To help you through your transition, here are a few tips to get you started on the right foot and stay there.

  1. Be Punctual. Arrive on time, a few minutes early actually. No amount of staying late will make up for not being to work on time. If there is a transportation issue that prevents you from being punctual, talk with your supervisor and your co-workers so they will expect you when you can get there and you won't be tagged as habitually tardy. Also, don't jump the clock at quitting time. Leave no sooner than the strike of the clock for the close of your work schedule. Being willing to stay late to meet a deadline, yours or someone else's, will gain the respect of your boss and your co-workers.
  2. Develop a Reputation for Dependability. Following through with assignments and meeting deadlines are important characteristics to develop. As a professional, to build your career, you will need to have these characteristics inherently a part of who you are. This can be an important part of the references your intern employer can cite for you in the future.
  3. Do More Than Is Expected. Doing only what is expected puts you among the masses of expendable workers. Take the initiative to follow up and go the extra mile. When you have the opportunity, always offer to be helpful and lend assistance to others.
  4. Be Discreet. Never discuss organization business and people in detail or by name in public places where strangers can overhear. Even in private, be discreet with outsiders about organization politics, problems, and business. Never become part of the gossip section.
  5. Get Along With Co-workers. Be flexible and tolerant in the workplace. Find ways to get along, even with the most difficult co-worker. The number one reason most people are terminated from their first job is failure to get along with their co-workers. Disharmony creates a less productive workplace even among those not directly involved in the disagreement. Always do your best to make it a pleasant work environment.
  6. Anticipate Problems. When your responsibilities depend on assistance from others, make sure they know and understand what you are requesting. Make sure you follow through and check on whether the work has been done or if any problems have come up.
  7. Understand "boss" language. "If it isn't too much trouble..." means, "Do it, the sooner the better." "If I may make a suggestion…." means, "Do it this way…" "I don't want to rush you." means, "Hurry up." Learn the cues your boss uses.
  8. Develop a Sense of Timing. When wanting to make a request, be sensitive to workplace issues and making your request at the right time. Many factors - the boss's mood, the success of your last project, the company's latest earning report - can make the difference between a positive or a negative response.
  9. Work to Improve Yourself. Read industry and trade publications. It is important to know what is going on in your career field and related publications will help you keep you informed. This will also show you are interested in your job, your organization, your career and the importance of current information.
  10. Be Totally Honest. Never take anything from the organization that does not belong to you. As insignificant as a pencil or a pen might be, nothing is worth losing your self-respect. If, somehow, you have painted yourself into a corner, nothing is so serious that lying won't make it worse. Be totally honest, always.
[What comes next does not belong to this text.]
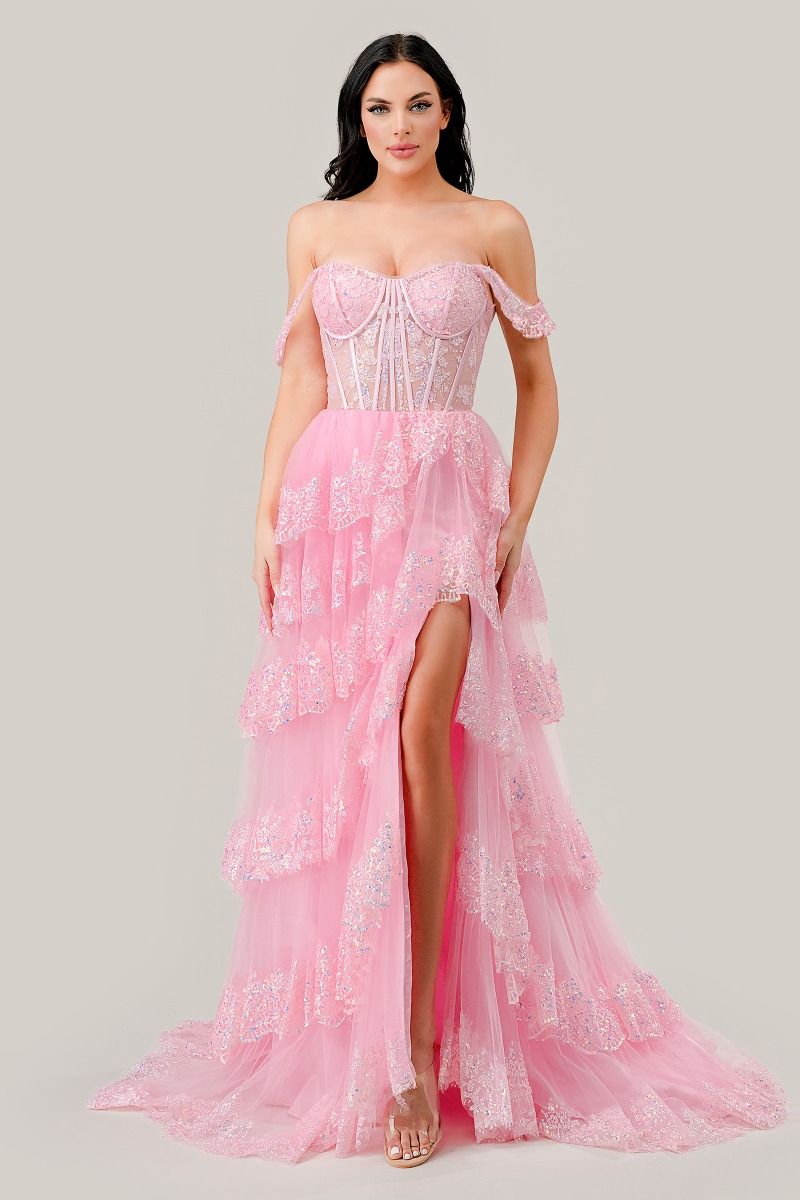 Adara Prom Dress Off the Shoulder Layered Gown 7401110TKR-Pink   Cinderella Divine KV1110 LaDivine KV1110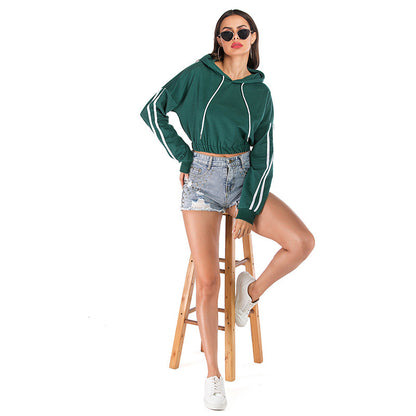 LOVEVOP New popular autumn 2025 women's clothing sports striped green short long-sleeved hooded navel sweater women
Understanding how to satisfy your superiors by doing things without them having to ask will help propel you above the status of just another expendable worker.

Vocabulary is critical to being accepted as a new professional. Whether it is in casual conversation with a potential co-worker or supervisor, or in an interview, or in the workplace, using professional vocabulary is important to your success. Start now to incorporate professional vocabulary into your conversations. Be aware of student jargon and careful not to use that in professional conversations. Employers will not take the time to retrain you in language and communication skills. Most employers want their organization to be represented in the best professional manner. Showcase yourself in that light with professional vocabulary.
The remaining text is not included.